Start of MATERIAL PROVIDED

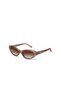 Powder Pink Lina Small Cat Sunglasses - 5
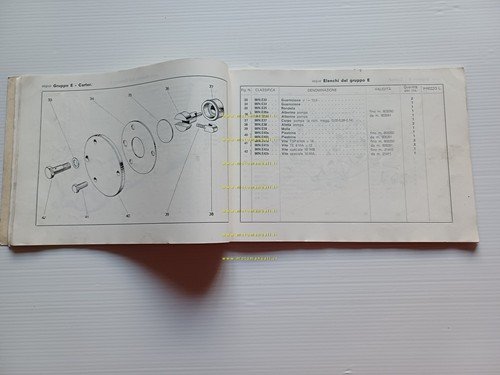 Ducati 98 N 1954-56 catalogo ricambi originale italiano Spare Parts …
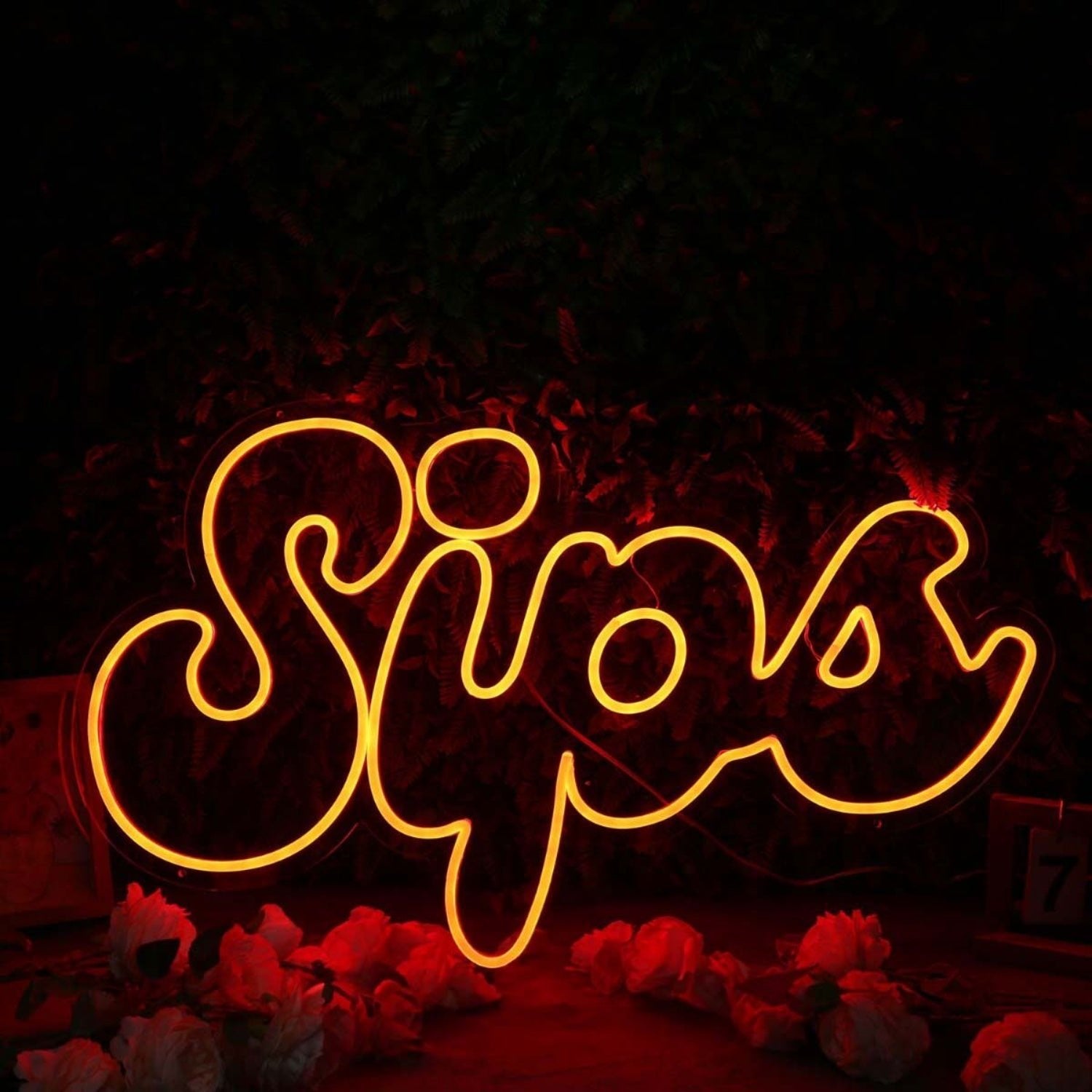 Sips Orange Led Neon Sign For Fun And Social Spaces - Shineneon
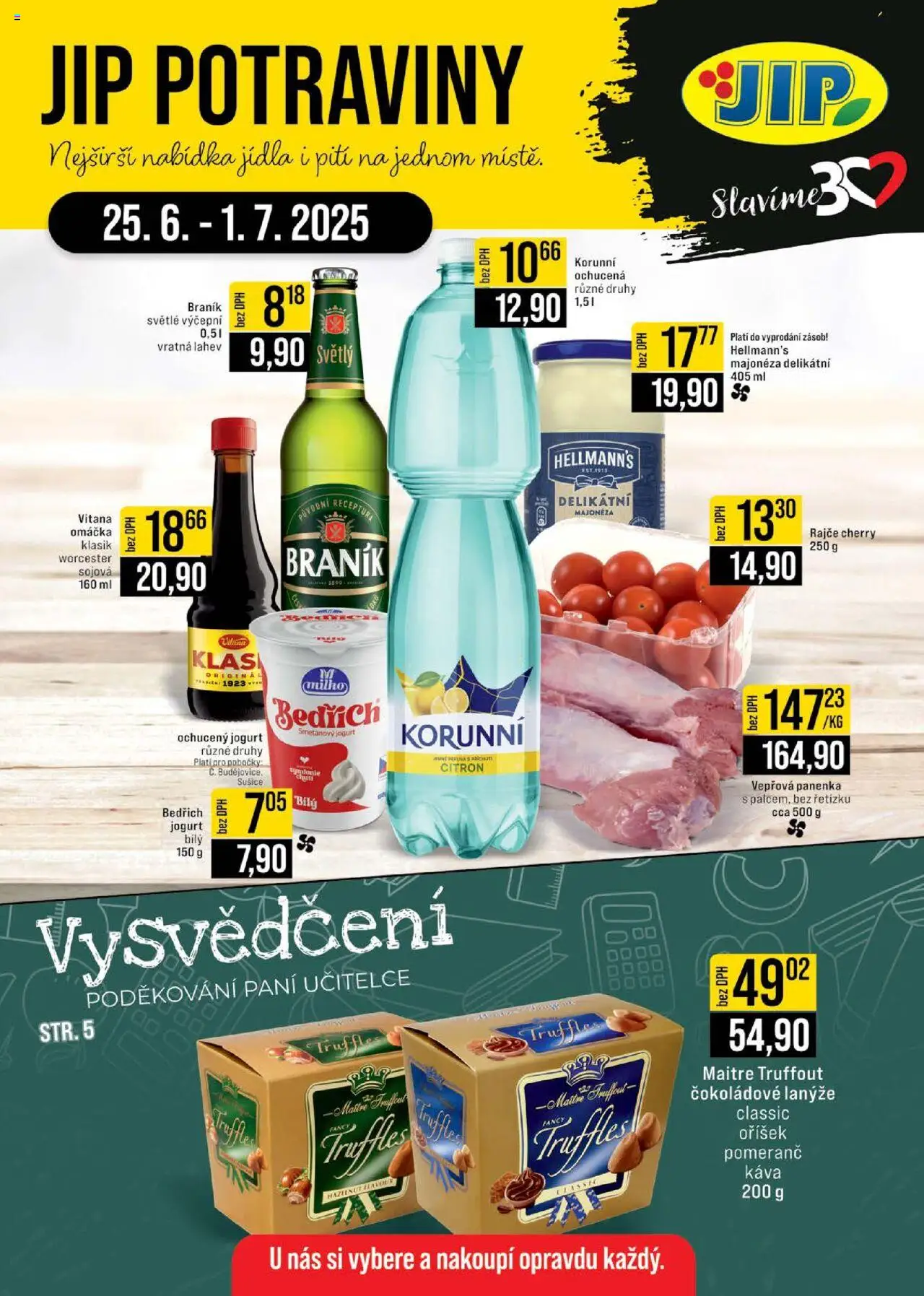  Jip Leták - Ostatní prodejny (25.06.2025 - 01.07.2025)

End of MATERIAL PROVIDED

Copy the material shown above in full and exactly. Skip the pictures.

 Powder Pink Lina Small Cat Sunglasses - 5
 Ducati 98 N 1954-56 catalogo ricambi originale italiano Spare Parts …
 Sips Orange Led Neon Sign For Fun And Social Spaces - Shineneon
  Jip Leták - Ostatní prodejny (25.06.2025 - 01.07.2025)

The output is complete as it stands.